About the job
About Etched
Etched is pioneering the world's first AI inference system specifically designed for transformers, offering over 10x greater performance while significantly reducing costs and latency compared to traditional options like the B200. With Etched ASICs, you can create products that were previously unattainable with GPUs, such as real-time video generation models and highly complex reasoning agents. Supported by substantial investments from leading investors and a team of top engineers, Etched is revolutionizing the infrastructure layer for one of the fastest-growing industries globally.
Job Summary
As an Infrastructure Software Engineer, you will be essential in developing state-of-the-art model-specific ASICs by constructing custom infrastructure and toolchains. This role focuses on ensuring ultra-fast, reliable, and scalable development from simulation to silicon. At Etched, we approach infrastructure development with the same best practices that we apply to our products, incorporating rigorous design discipline and high-quality standards in our testing processes.

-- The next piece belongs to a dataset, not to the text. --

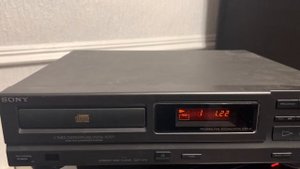 Sony compact disc CD player CDP-M18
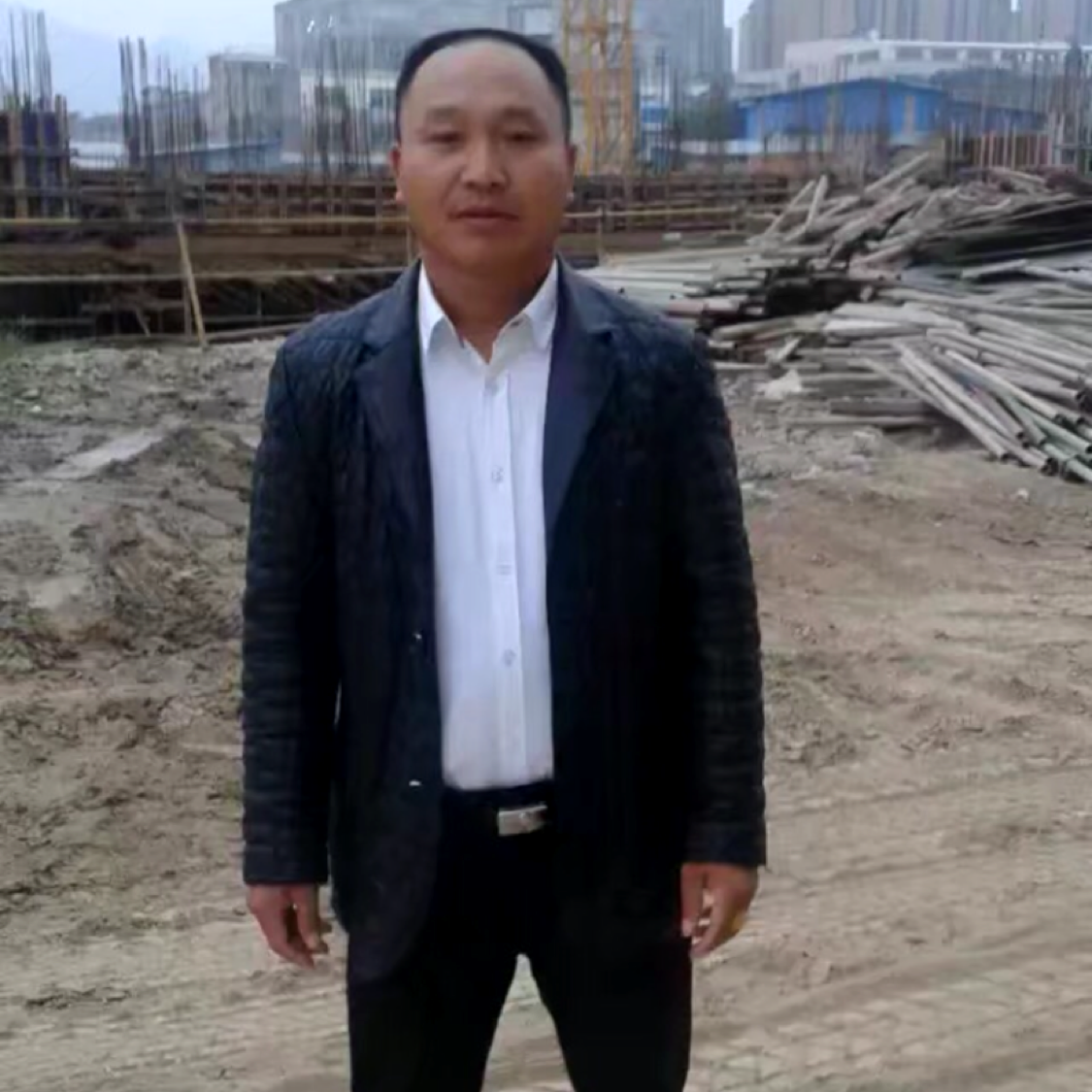 暧昧邂逅唇膏的照片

You will spearhead the creation and adoption of next-generation infrastructure tools, empowering our ASIC, Software, and Platform engineers to accelerate iterations, increase reliability, and expand the frontiers of AI performance. Responsibilities include building and optimizing our hybrid high-performance compute (HPC) cluster for extensive parallel CI, EDA workflows, emulation, and hardware-aware job execution.

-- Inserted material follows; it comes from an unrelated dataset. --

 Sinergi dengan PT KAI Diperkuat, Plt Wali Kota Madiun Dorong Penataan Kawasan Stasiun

Additionally, you will design and implement an advanced observability stack featuring LLM integration, focusing on health and performance telemetry, log aggregation, distributed tracing, insight generation, synthetic testing, and intelligent alerting across CI pipelines, simulation clusters, and service endpoints.

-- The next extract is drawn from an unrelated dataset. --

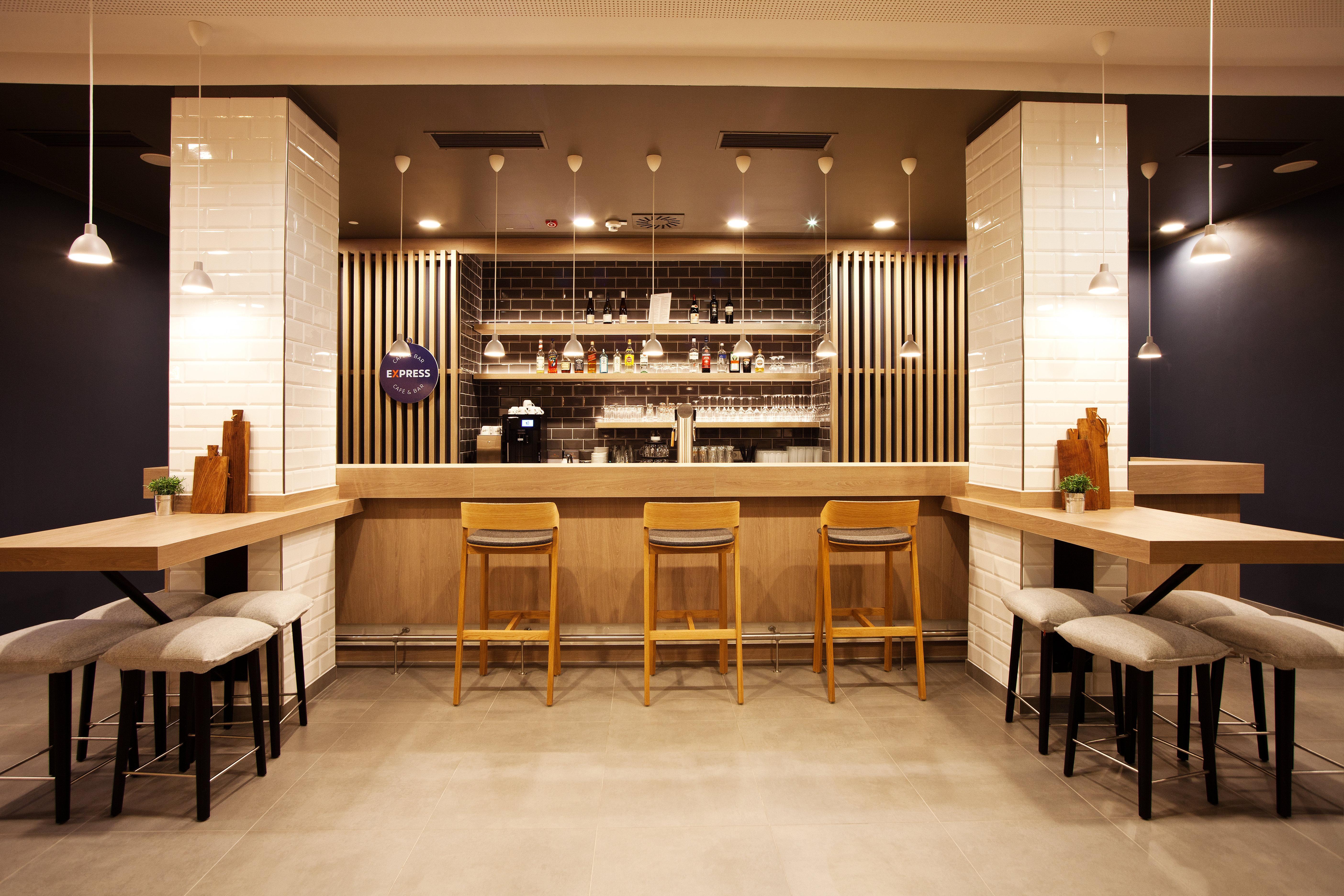 Holiday Inn Express - Saarbruecken By Ihg Εξωτερικό φωτογραφία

This role demands a robust software engineering mindset, quality orientation, and a comprehensive understanding of systems. It involves not just writing scripts, but creating infrastructure code with precision, repeatability, and purpose.
Key Responsibilities
Architect and Scale Distributed Compute Systems: Design and build the orchestration layers driving our hybrid high-performance clusters—facilitating simulation, synthesis, and continuous integration of AI ASICs at an unprecedented scale.
Build Infrastructure-as-Code Systems: Develop and maintain a fully programmable infrastructure control plane to guarantee reproducibility, auditability, and swift iteration throughout the entire stack.